In some embodiments, the control arrangement 10 is configured to pass the low-electrolyte solution at the second side 2b at an osmotic pressure that is higher than the osmotic pressure at the first side 2a, thereby enabling diffusive water transport from the first side 2a to the second side 2b. Or, the control arrangement 10 is configured to pass low-electrolyte solution at the second side at a lower osmotic pressure than the osmotic pressure at the first side 2a, thereby enabling diffusive water transport from the second side 2b to the first side 2a.

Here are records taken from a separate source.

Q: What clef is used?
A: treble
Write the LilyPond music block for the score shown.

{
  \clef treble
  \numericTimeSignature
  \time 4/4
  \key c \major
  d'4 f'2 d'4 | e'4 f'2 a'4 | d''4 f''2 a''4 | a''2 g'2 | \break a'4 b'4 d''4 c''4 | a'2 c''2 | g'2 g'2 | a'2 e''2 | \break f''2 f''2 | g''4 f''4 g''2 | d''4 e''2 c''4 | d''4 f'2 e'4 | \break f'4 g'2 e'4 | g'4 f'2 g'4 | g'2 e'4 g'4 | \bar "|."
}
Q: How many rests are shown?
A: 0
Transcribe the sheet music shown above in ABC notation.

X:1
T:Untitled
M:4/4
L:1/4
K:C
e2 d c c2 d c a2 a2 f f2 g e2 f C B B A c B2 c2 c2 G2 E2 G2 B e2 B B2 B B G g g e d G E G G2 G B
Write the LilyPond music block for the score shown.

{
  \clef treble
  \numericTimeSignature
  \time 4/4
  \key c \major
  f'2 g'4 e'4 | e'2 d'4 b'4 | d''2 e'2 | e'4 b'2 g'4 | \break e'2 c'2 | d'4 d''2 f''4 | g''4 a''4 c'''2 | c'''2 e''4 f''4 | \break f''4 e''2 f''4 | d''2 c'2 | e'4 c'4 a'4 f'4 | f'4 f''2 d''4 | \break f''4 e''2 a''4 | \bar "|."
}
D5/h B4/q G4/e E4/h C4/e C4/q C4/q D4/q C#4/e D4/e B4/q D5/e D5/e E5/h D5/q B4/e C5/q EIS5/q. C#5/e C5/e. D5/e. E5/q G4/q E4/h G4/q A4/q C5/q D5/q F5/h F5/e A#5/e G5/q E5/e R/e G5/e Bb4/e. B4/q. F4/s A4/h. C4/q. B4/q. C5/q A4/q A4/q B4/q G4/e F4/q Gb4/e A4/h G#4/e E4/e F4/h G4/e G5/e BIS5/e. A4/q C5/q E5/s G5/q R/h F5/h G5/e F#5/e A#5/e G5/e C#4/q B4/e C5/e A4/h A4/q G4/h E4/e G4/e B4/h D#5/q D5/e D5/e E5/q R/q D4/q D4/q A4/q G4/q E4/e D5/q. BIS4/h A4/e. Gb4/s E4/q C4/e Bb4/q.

In some embodiments, the control arrangement 10 is configured to control the hydrostatic pressure using the drain pump 4. The control arrangement 10 may be configured to perform any one of the herein described aspects, embodiments or examples. While the invention has been described in connection with what are presently considered to be the most practical and preferred embodiments, it is to be understood that the invention is not to be limited to the disclosed embodiments, but on the contrary, is intended to cover various modifications and equivalent arrangements included within the scope of the appended claims.